Working data:
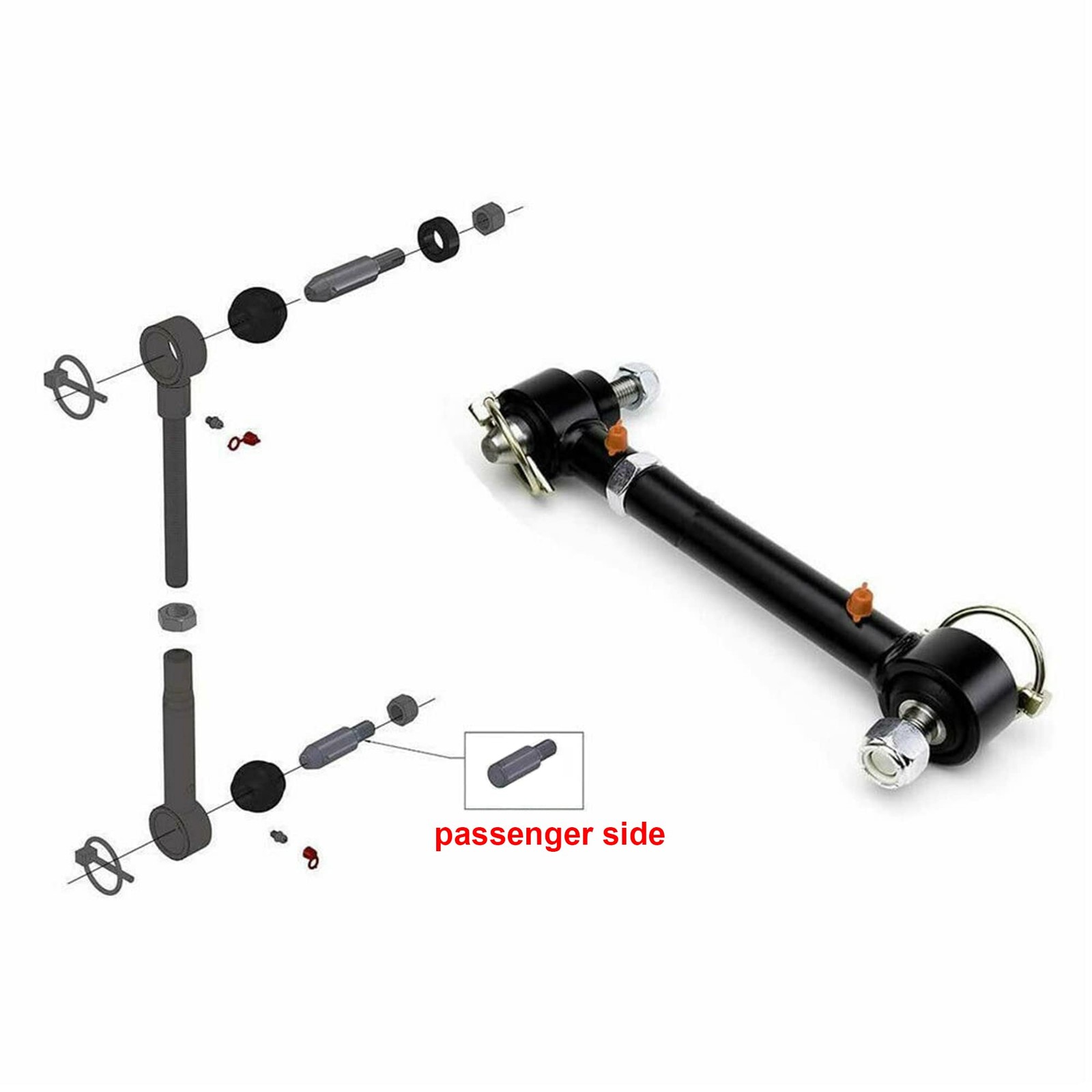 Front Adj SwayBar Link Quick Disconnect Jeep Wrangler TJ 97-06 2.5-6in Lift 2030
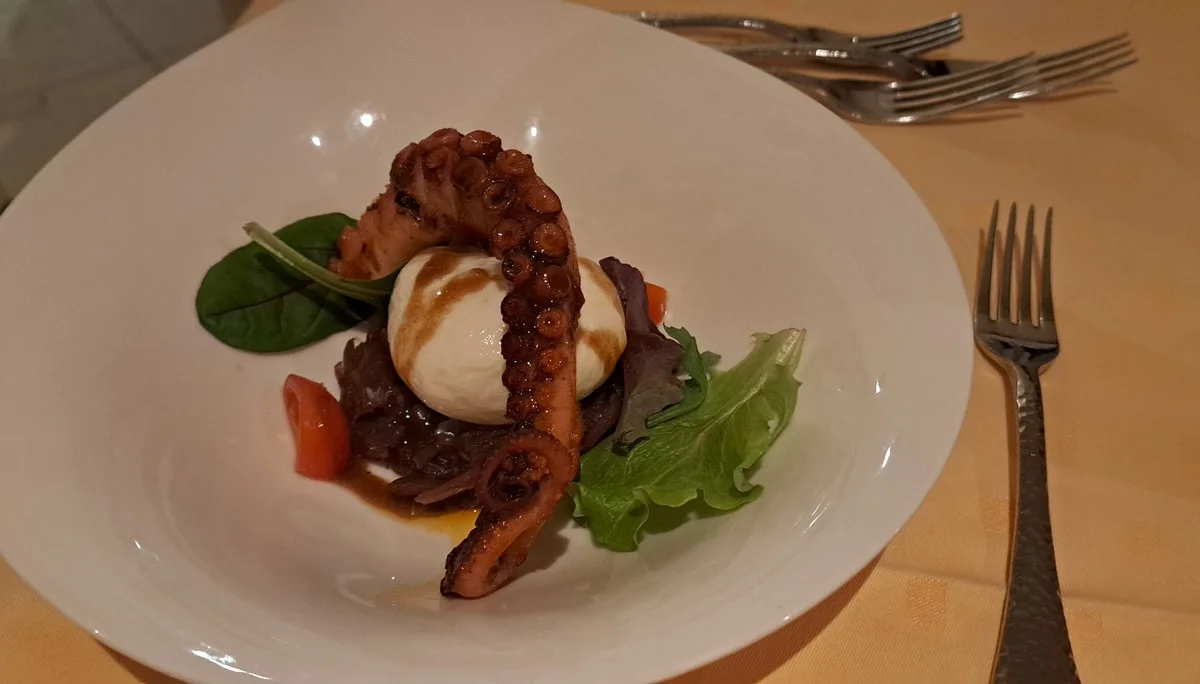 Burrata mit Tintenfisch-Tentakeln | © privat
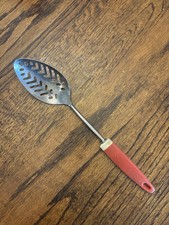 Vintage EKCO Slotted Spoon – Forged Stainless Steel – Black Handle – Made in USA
==
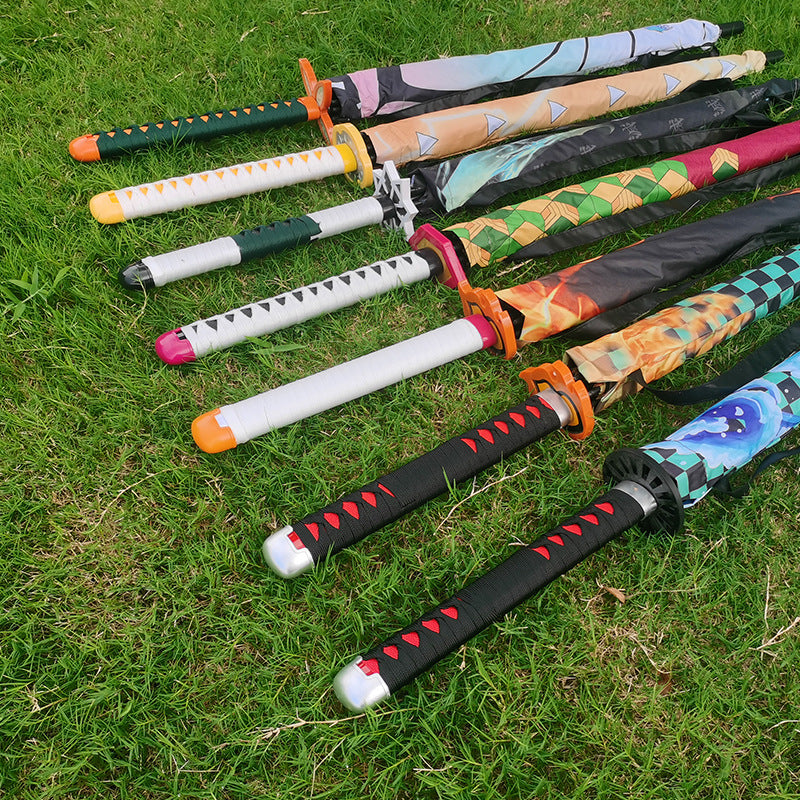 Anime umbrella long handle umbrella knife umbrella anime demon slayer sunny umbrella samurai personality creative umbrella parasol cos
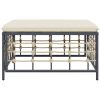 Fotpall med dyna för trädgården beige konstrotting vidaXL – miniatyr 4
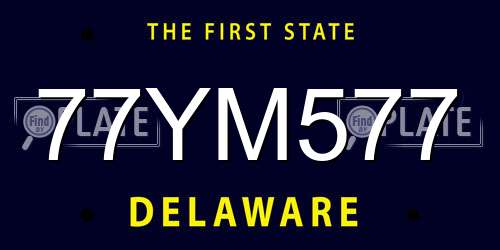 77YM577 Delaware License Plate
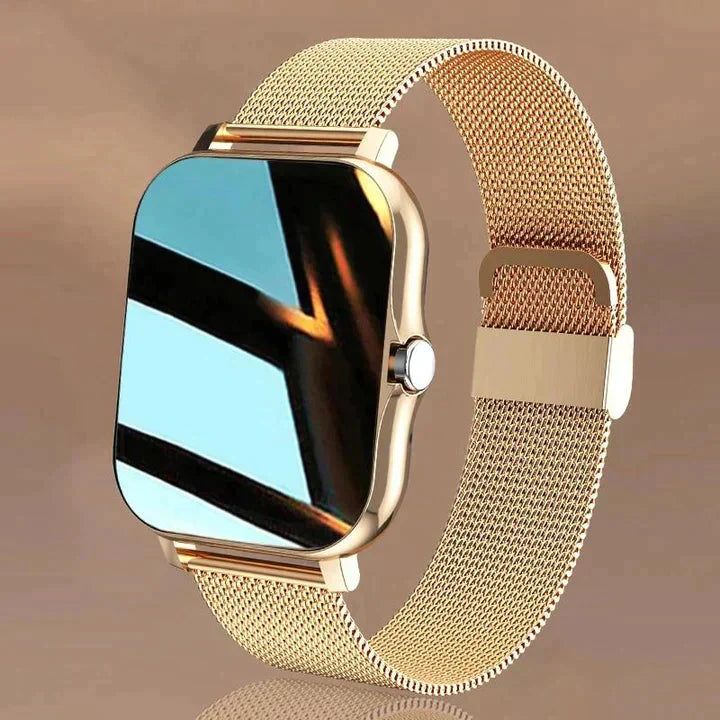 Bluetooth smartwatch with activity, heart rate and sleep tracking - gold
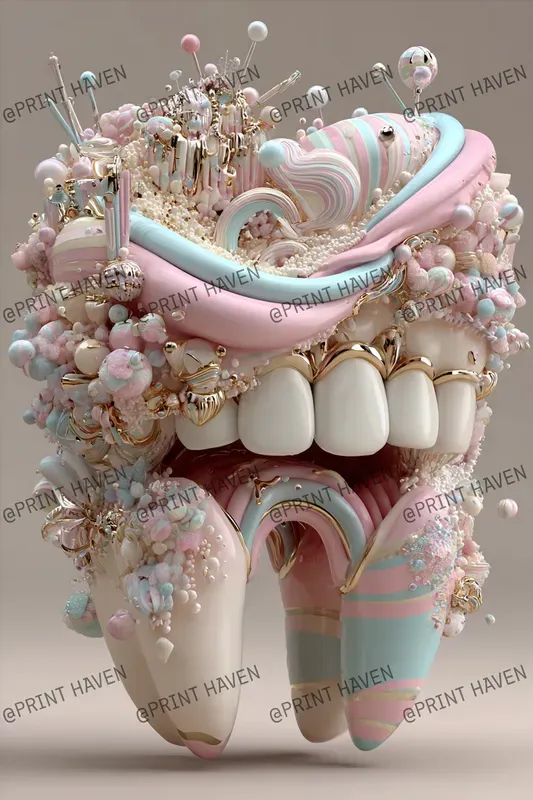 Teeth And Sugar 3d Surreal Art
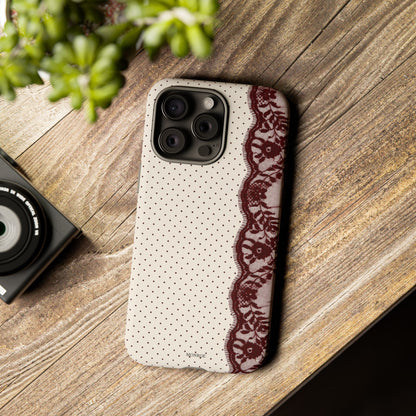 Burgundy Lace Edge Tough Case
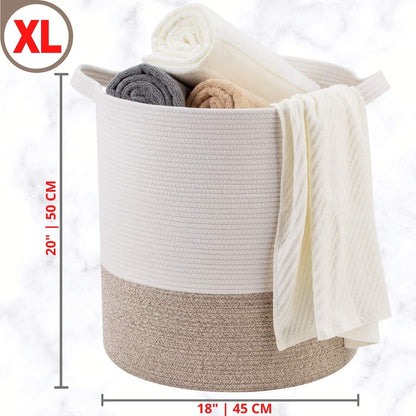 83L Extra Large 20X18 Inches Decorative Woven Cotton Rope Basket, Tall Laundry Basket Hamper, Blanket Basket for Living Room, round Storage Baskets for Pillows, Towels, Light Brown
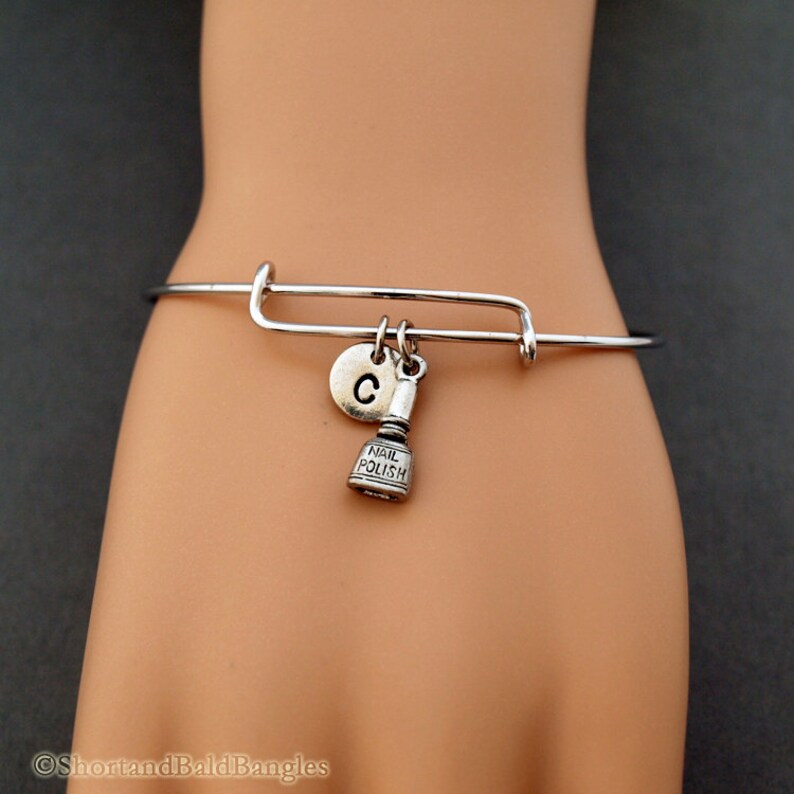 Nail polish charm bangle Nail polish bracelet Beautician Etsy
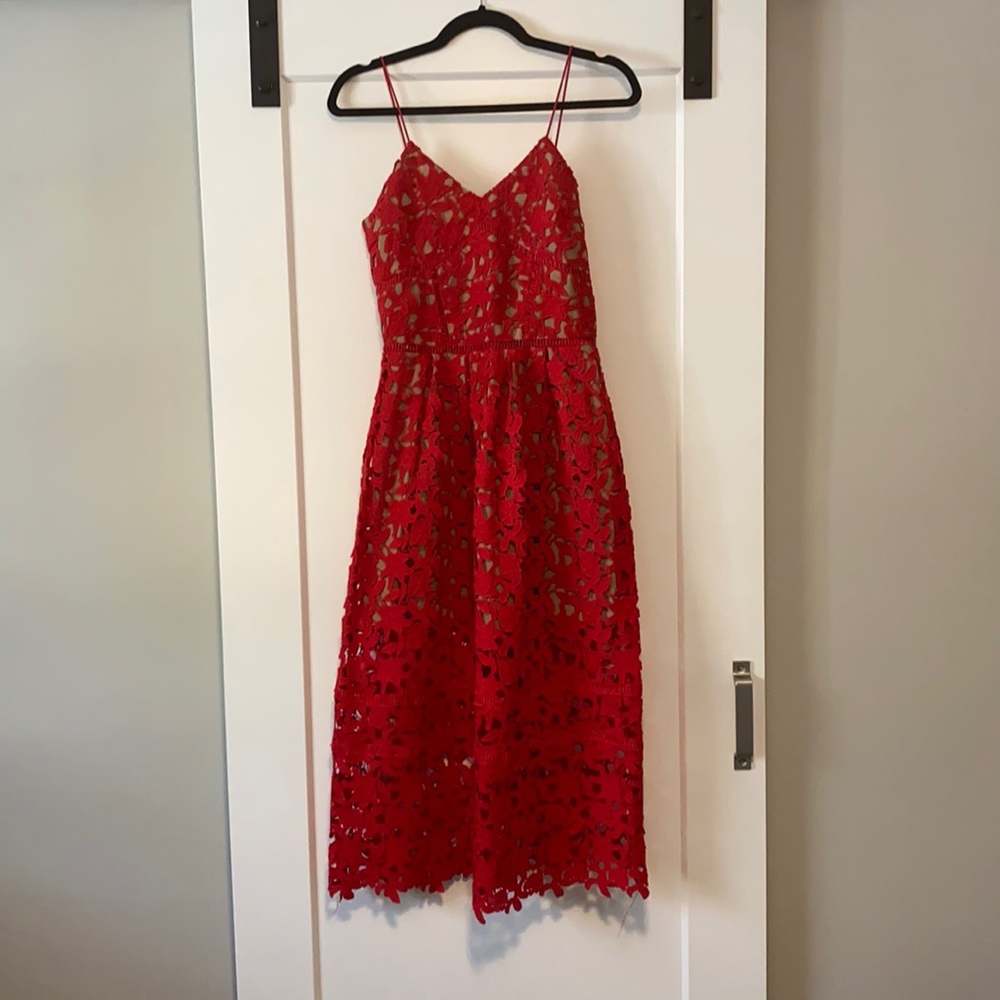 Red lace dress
--
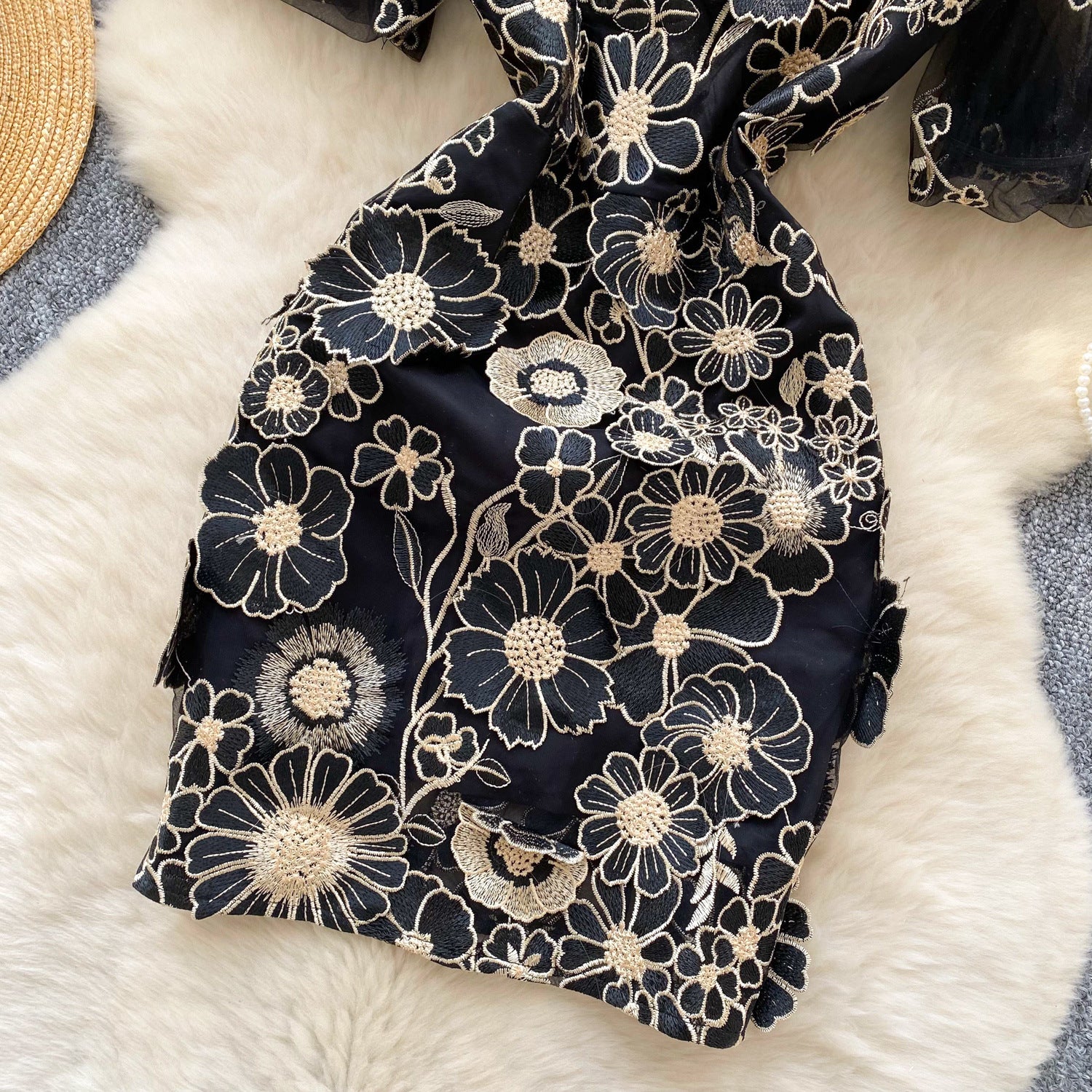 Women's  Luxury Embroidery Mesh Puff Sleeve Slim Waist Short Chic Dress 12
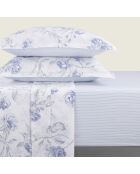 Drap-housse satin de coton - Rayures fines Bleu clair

What you should do:
When you reach the line with "Front Adj SwayBar" in the records above, start writing out each line exactly, and stop after the line with "Vintage EKCO Slotted". Pictures stay out.

Result:
 Front Adj SwayBar Link Quick Disconnect Jeep Wrangler TJ 97-06 2.5-6in Lift 2030
 Burrata mit Tintenfisch-Tentakeln | © privat
 Vintage EKCO Slotted Spoon – Forged Stainless Steel – Black Handle – Made in USA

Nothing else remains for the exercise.